Mixcloud is an Internet radio platform. We host radio shows, DJ mixes, podcasts, any form of extended audio. It’s free to upload and it’s free to use.

So, what is our business model? How do we survive? It’s mostly built around advertising. We have display advertising on the site but we do a lot of other interesting stuff as well. We do branded content work, helping brands like Redbull host their DJ competition, or brands like Absolut Vodka. We created a mix series for them. Branded content is the direction we want to pursue more and more.

What’s your thesis on branded content?

For us, it’s an exchange of value between the brand, listener and DJ. We want a positive exchange there. We’re not fans of pop-up ads and commercials. The model we want to push forward is that the brand gets involved in the conversation in a very natural way, either curating or showcasing different DJs. Ultimately, as a listener, it’s much more enjoyable to hear the “ad” being created in the form of content.

How much do you care about social media?

We really think social-first. When we talk about our vision for Mixcloud, we talk about rethinking radio from the ground up – keeping some really core components like the curator, the host. But, we want to change the experience of radio being live, 24/7, and that you need to tune into a station on the FM dial. Because people now spend their time on Twitter and Instagram feeds, we built the platform in a way where everything is super sharable. You can embed and share not only the players, but all social profiles across all platforms. That’s been really key for us. The counting of social impressions is built into our algorithm and that affects how something rises up the charts.

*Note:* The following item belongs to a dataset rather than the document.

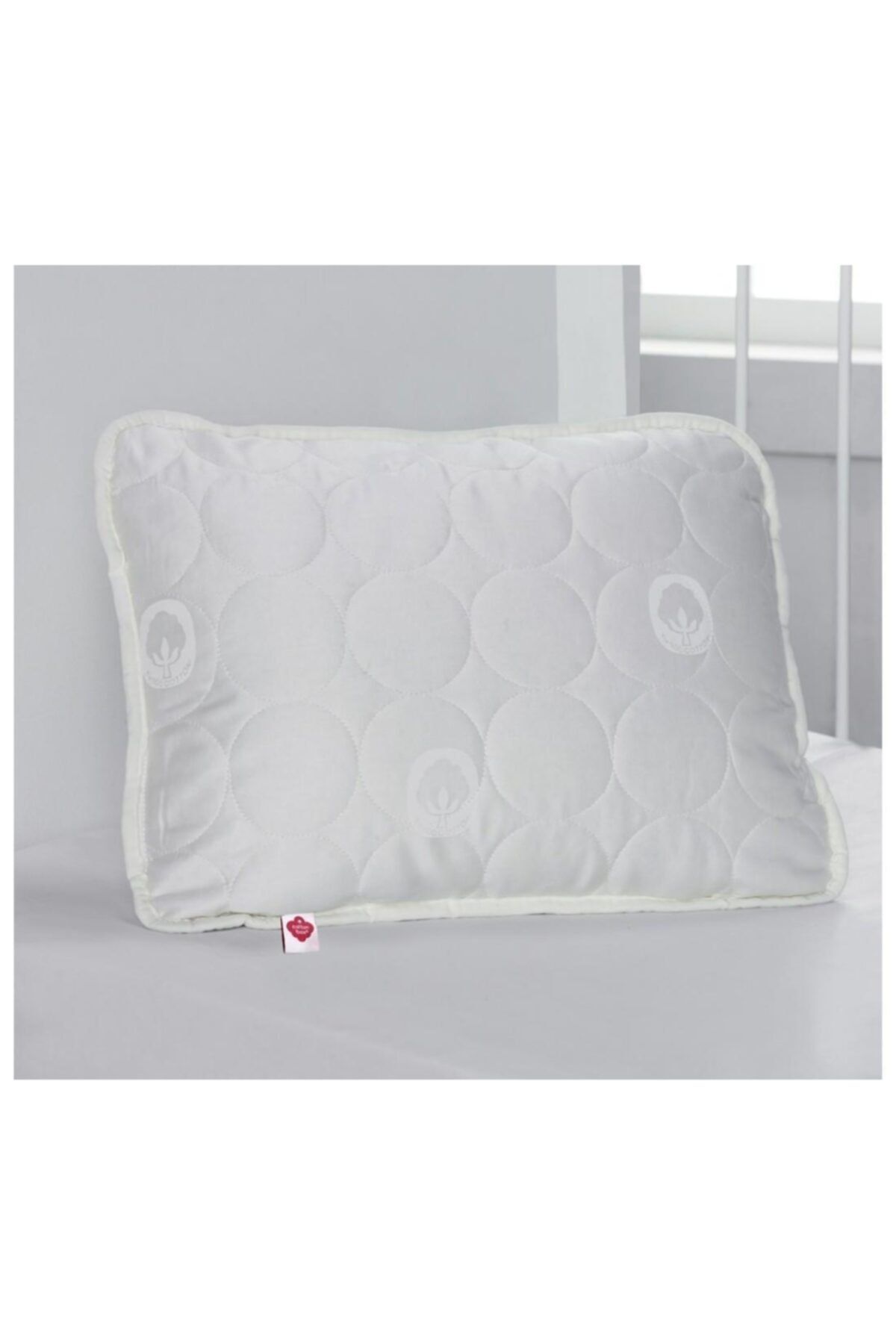 Coco Store Cotton Box Bebek Pamuk Yastık 35x45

I know you’re 32 and you met the co-founders of Mixcloud in college at The University of Cambridge. How did the idea for Mixcloud come into your minds then?

It was actually a personal frustration some of the co-founders and myself had. We had a college radio show and, after college, we were looking for a way to host more radio shows and DJ mixes and things like that. At the time, the only option was basically yousendit.com, zshare or megaupload, or the iTunes podcast directory. We were definitely inspired by the podcast directory, but it’s like it was stuck in 2001 or 2002. Later, inspired by what YouTube did with video, we decided to build a similar thing.

Mixcloud’s been called “the YouTube of radio.” A major critique of YouTube is its very high volume of low-quality content. Do you view that issue as a potential problem for Mixcloud?

You’re going to see a distribution curve. With all platforms, you’re going to see a long tail of content not listened to. But, ultimately, if we do our job that shouldn’t be much of a factor because we’ll help you surface the quality stuff you’ll enjoy. And we’ll get it in front of you. That’s on us.

How will Mixcloud get you the content you’ll enjoy most? How does Mixcloud figure out what a user likes most?

We’ve built what are called “collaborative filtering” algorithms which help recommend the best content for you. It’s similar in some ways to how Amazon recommends you items.

Tidal is heavily in the news right now. What do you think of it?

I would be a bit weary of the media news hype. These platforms are all pretty much offering similar services, so how do you differentiate? User experience. If UI is one thing, all you have left is content. The danger I’m concerned about is – fast-forward five to ten years from now: you’ve got Jay-Z’s tracks only on Tidal. You’ve got Ed Sheeran’s tracks only on Spotify. You’ve got Taylor Swift’s tracks only on Apple’s service. Ultimately, the consumer loses out and I think, in that case, they’ll just go back to piracy.

There’s a big debate going on right now whether music should be free and if these tools are effective in converting people from piracy to a subscription model. I personally feel Spotify’s done an incredibly effective job in moving things on from a piracy model. The danger is it’s easy to move back there so I’d be wary of not thinking about the consumer first.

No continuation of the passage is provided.